Great Britain and Australia set for World Team Cup junior final
For the second time since 2019, Great Britain and Australia will contest the junior final at the BNP Paribas World Team Cup. Great Britain will be hoping it will be third time lucky as they bid to end their run of back-to-back silver medals.
Supported by ITF Wheelchair Tennis Programme Partner the Johan Cruyff Foundation, the junior World Group has long since proved to be an important stepping stone in the development of many of the sport’s most decorated players, with Dahnon Ward and Riley Dumsday hoping to join a star-studded cast of graduates in the future.
Ward and Dumsday led their respective teams to Sunday’s World Team Cup junior final, Great Britain beating Netherlands 2-0, while Australia also secured a 2-0 win over first-time semi-finalists France.
Such were the raw emotions surrounding the late-night finish of the 2019 junior final in Ramat Hasharon, Israel that both players have vivid memories of the occasion.
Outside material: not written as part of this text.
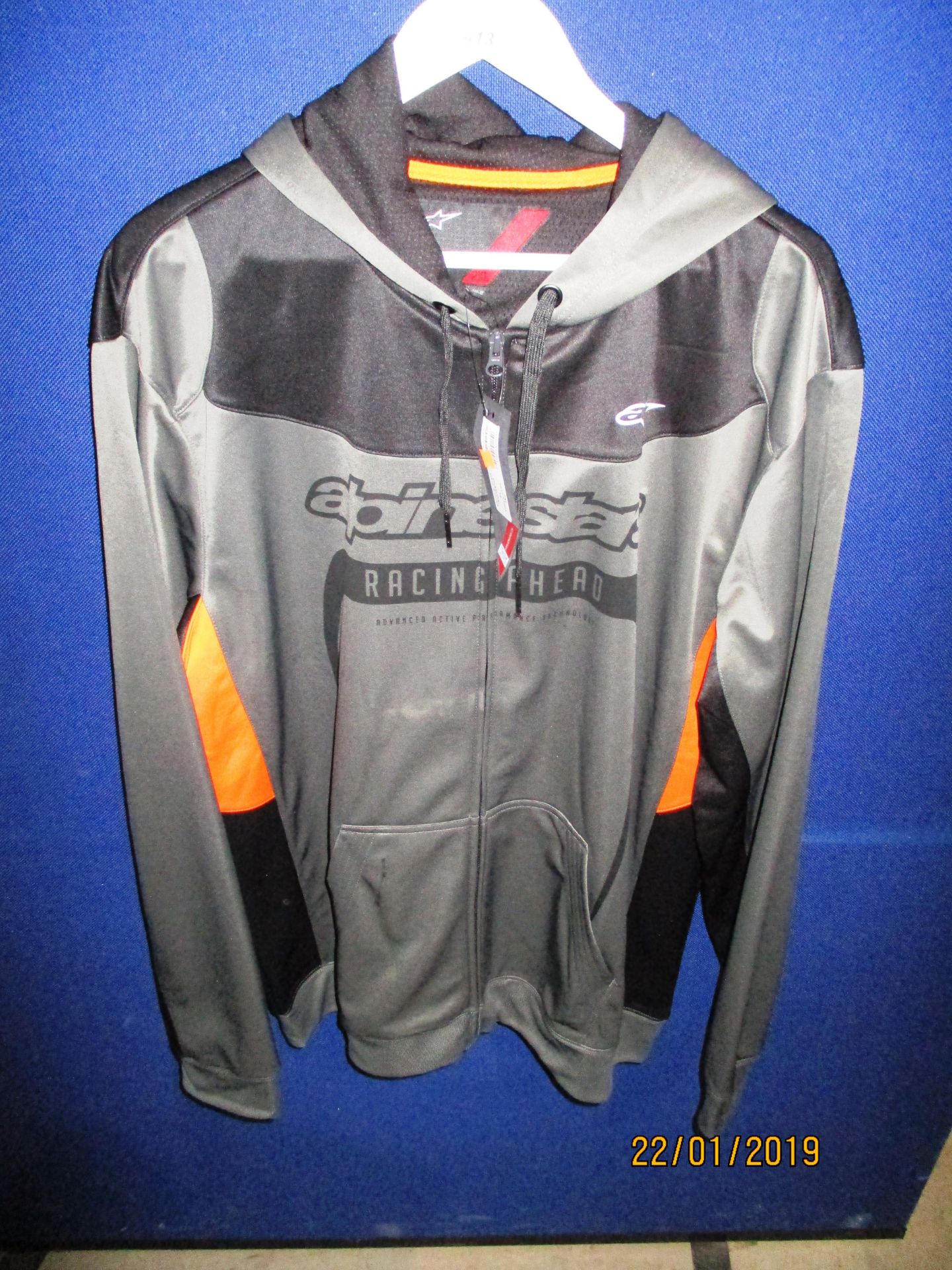 An Alpinestar hoodie in charcoal size 2XL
“I remember, it was 14-12 to us in a third set match-tiebreaker, and it was one rubber-all so we had to go to doubles. The match finished about 1.00am in the morning,” said Dumsday, the only member of the 2019 Australian junior team to be back for this year’s final after he and teammate Saalim Naser dropped just one game between them in this year’s 2-0 semi-final win over France.
“I remember getting back to the hotel room and being extremely happy and relieved and going to sleep knowing that I’d won the world championships. It was a really good feeling.”
Dumsday admits to being ‘a bit nervous’ about Sunday’s final against Great Britain. “I think it'll be a good match between both teams and I hope that we can come out on top,” he adds.
Australia were seeded fourth and Great Britain were seeded seventh for the 2019 World Team Cup, where the Colombian team seeded sixth included Zulenny Rodriguez Trujillo. Now aged 20, Rodriguez Trujillo is a member of the Colombian women’s team that will fight for the bronze medal in Vilamoura.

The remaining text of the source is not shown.